Estimated MWPC values were consistent across both studies, when either a 2.5- or 5.0-category change on the anchor measure of PtGA was taken as a clinically relevant change. In line with previous findings [12], the known-groups validity analyses clearly demonstrated that the FACIT-F scale can differentiate between patients classified as having ‘no disease activity’ and ‘very active disease’ (PtGA scores of 0 and 10, respectively), as well as any pair of disease severity groups in between. FDA guidance on incorporating COAs into endpoints for regulatory decision-making defines the ability to detect change as, “Evidence that a COA can identify differences in scores over time in individuals or groups who have changed with respect to the measurement concept” [26]. These analyses demonstrated the sensitivity of FACIT-F to changes in PtGA scores and showed that FACIT-F is equally sensitive to increases and decreases in PtGA scores.
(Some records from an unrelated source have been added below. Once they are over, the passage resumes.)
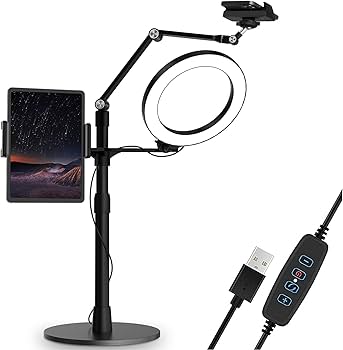 Amazon | SupeDesk リングライト付きスマホスタンド led Amazon | SupeDesk リングライト付きスマホスタンド led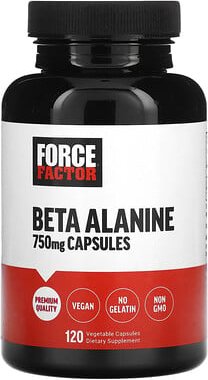 Force Factor, Beta-Alanin, 750 mg, 120 pflanzliche Kapseln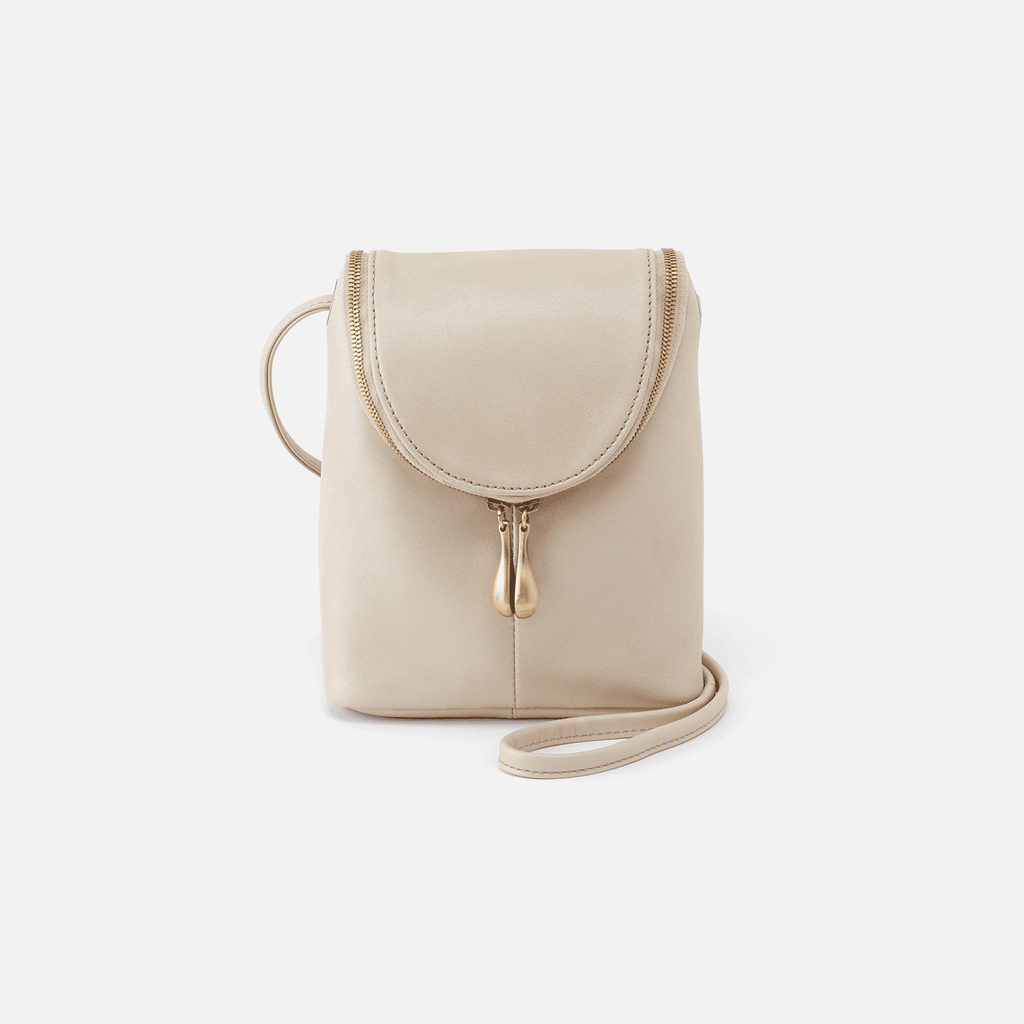 Fern Sandshell Leather Crossbody | Hobo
These results were echoed in the eCDF analyses, which demonstrated that PGIS categories with more favorable change had a higher probability of having values greater than the given change in FACIT-F total score, while PGIS categories with less favorable change had a higher probability of responding less than or equal to the given change in total score. Across analyses, results from both studies were extremely similar, indicating a high degree of reproducibility.

With fatigue known to be a debilitating symptom across rheumatological diseases including AS, RA, and PsA [29], it is important to have a validated and reliable measure for evaluating fatigue across the spectrum of rheumatology patients. The consistency of findings from our evaluation in patients with AS with those previously reported in AS [14], RA [10], and PsA [12, 13] populations indicates that FACIT-F is an appropriate, uniform measure for fatigue in rheumatology.
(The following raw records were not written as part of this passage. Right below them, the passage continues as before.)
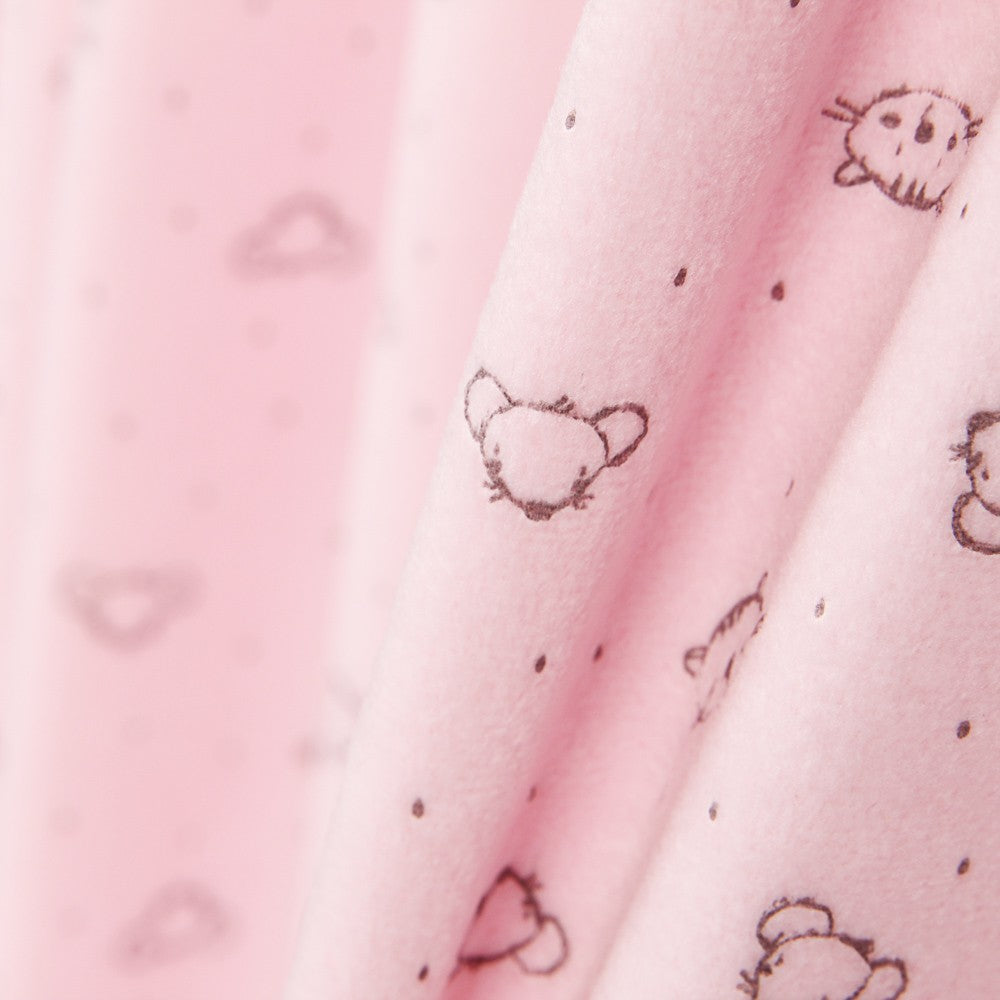 Tecido Tundosado Cats Rosa - Ribes y Casals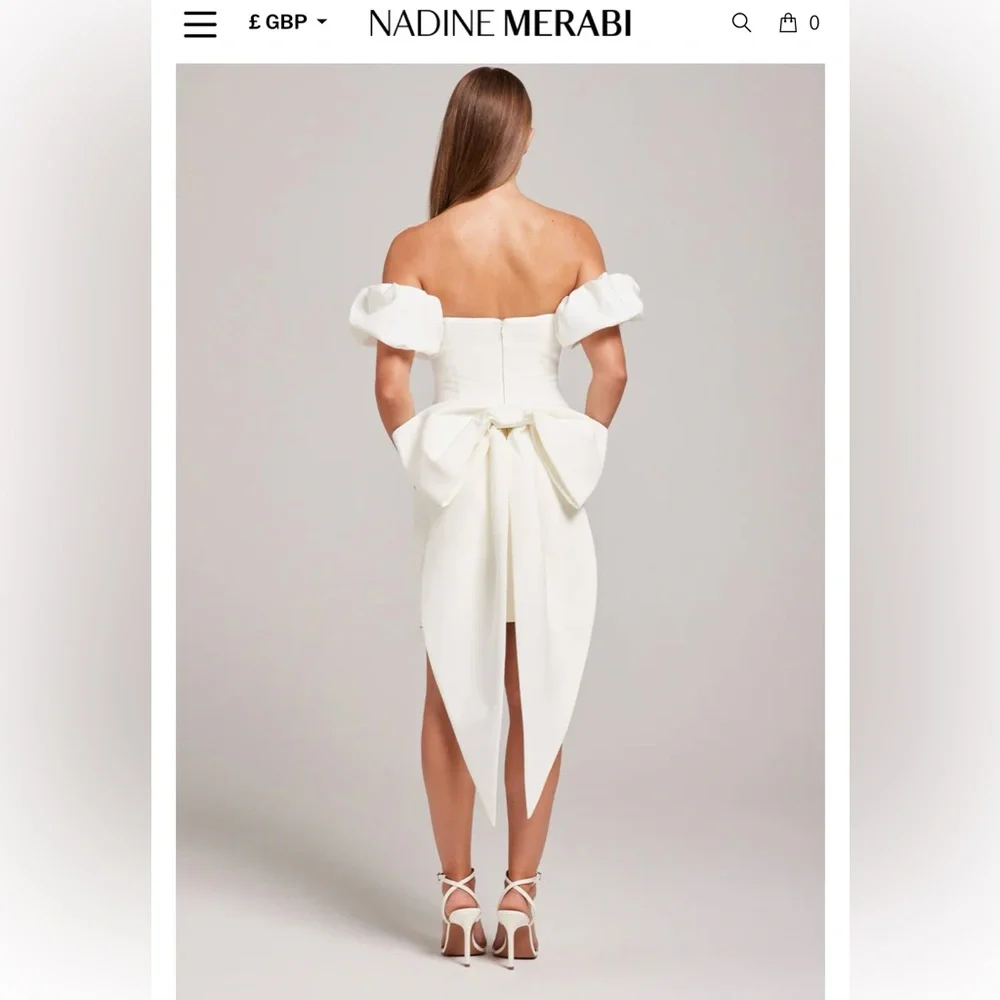 Nadine Merabi Emilee white dress - Picture 2 of 4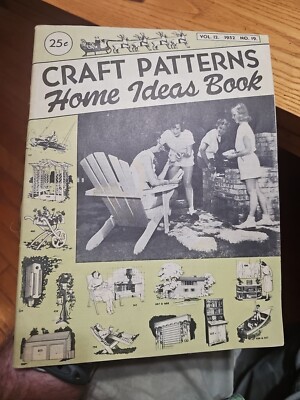 CRAFT PATTERNS 1952 Home Ideas Book, Vol. 12, No. 19 Catalog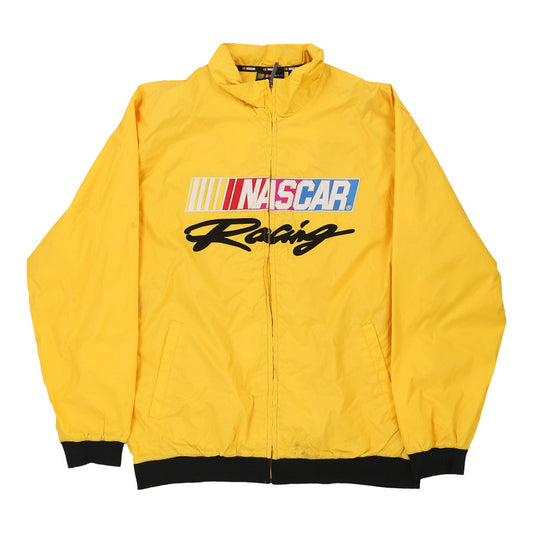 Vintage yellow Nascar Jacket - mens large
Some limitations remain associated with these analyses. First, estimated MWPC may vary due to different methodology and natural sampling variation, and may not necessarily represent a minimal value. Second, there is no consensus as to what constitutes a meaningful change on the anchor measure. While it would have been desirable to perform test–retest reliability assessments before tofacitinib treatment began (i.e., during the screening [test] visit and baseline [retest] visit), FACIT-F assessments from the screening visit were not available. In addition, all patients had active AS; therefore, the reliability/validity of FACIT-F in patients with non-active AS remains unclear. Finally, it should be noted that the content validity and feasibility of FACIT-F in patients with AS and its validity/reliability across the spectrum of axSpA have not been empirically demonstrated to date. However, given the body of evidence available across other rheumatology indications [10, 12, 13], FACIT-F is likely to be a feasible, valid, and reliable measure of fatigue in patients with axSpA.

Conclusions

This quantitative analysis of data from two clinical studies of tofacitinib demonstrates the validity and reliability of the FACIT-F scale as a measure of fatigue in adult patients with active AS. Overall, these findings indicate that FACIT-F is a suitable measure for use in AS clinical trials.